[Brief descriptive captions]
══════════
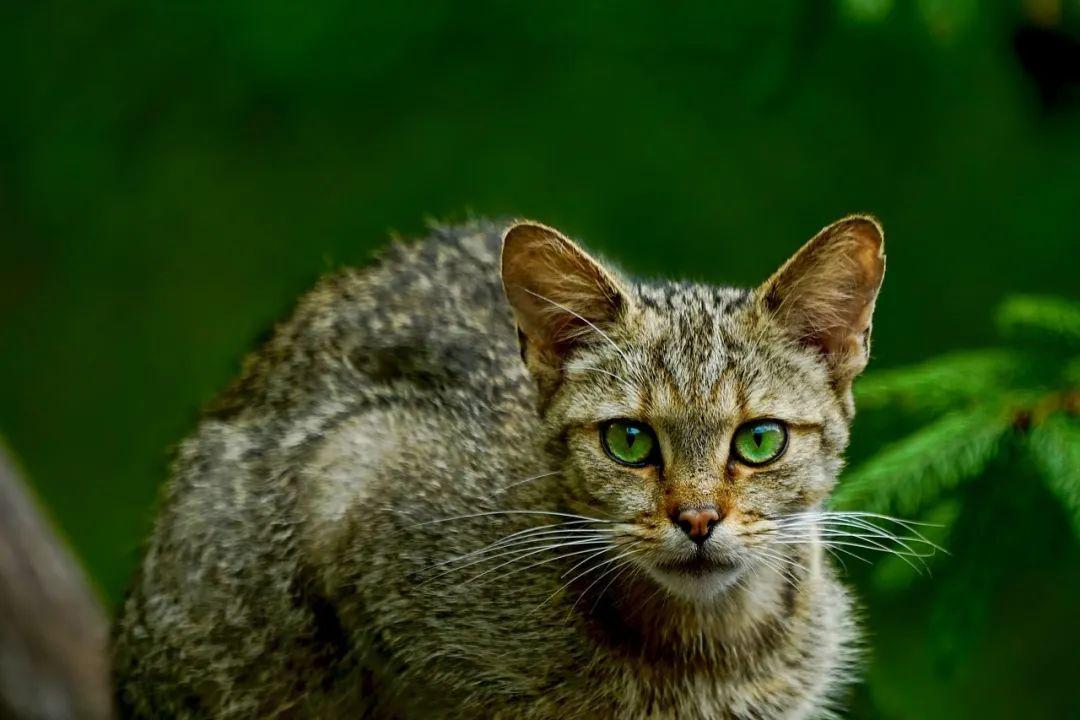 一回家看到猫主子满脸的血?猫:妈,我没吃饱! - 知乎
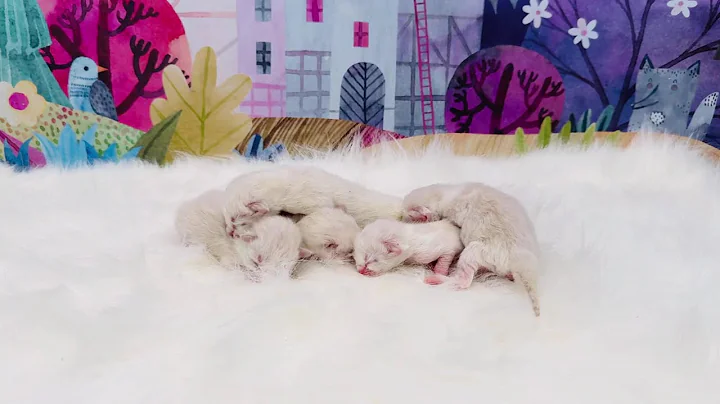 Video 11376801: mink kitten, bicolor mink, adorable newborn kittens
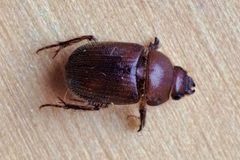 Xenochodaeus ulkei by (c) Syd Cannings, some rights reserved (CC BY), uploaded by Syd Cannings. Used under a CC-BY license.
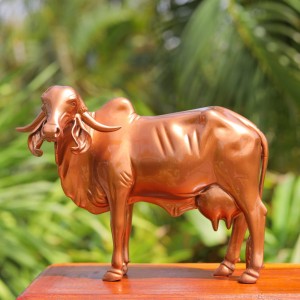 Golden kamdhenu cow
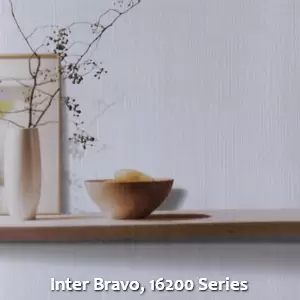 Inter Bravo, 16200 Series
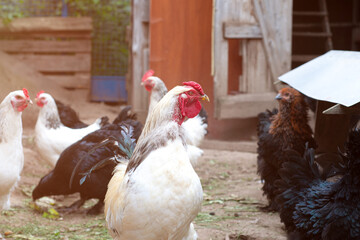 A group of white laying hen chickens and rooster with large red combs in a chicken coop on a farm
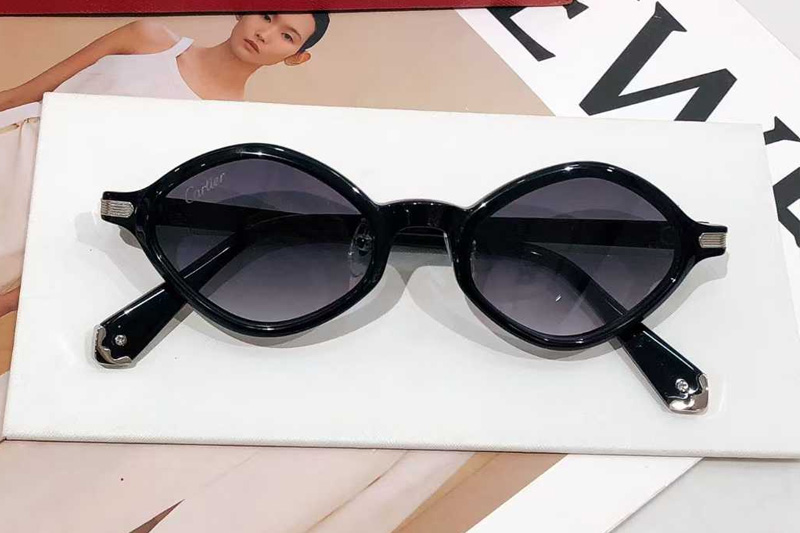 CT0540S Sunglasses Black Silver Gradient Gray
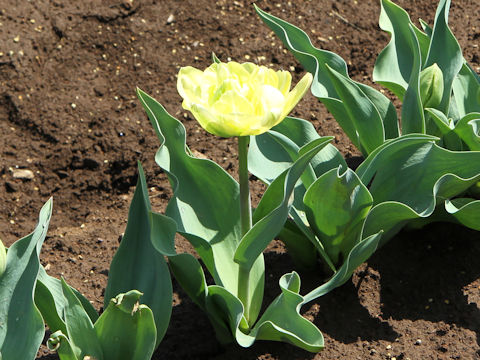 Tulipa cv. Creme Upstar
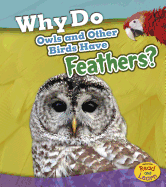 Why Do Owls and Other Birds Have Feathers?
══════════
* **The problem**
Could you copy exactly, and with no pictures, the lines above from the one containing "Xenochodaeus ulkei by" through the last line, both included?

* **Task response**
 Xenochodaeus ulkei by (c) Syd Cannings, some rights reserved (CC BY), uploaded by Syd Cannings. Used under a CC-BY license.
 Golden kamdhenu cow
 Inter Bravo, 16200 Series
 A group of white laying hen chickens and rooster with large red combs in a chicken coop on a farm
 CT0540S Sunglasses Black Silver Gradient Gray
 Tulipa cv. Creme Upstar
 Why Do Owls and Other Birds Have Feathers?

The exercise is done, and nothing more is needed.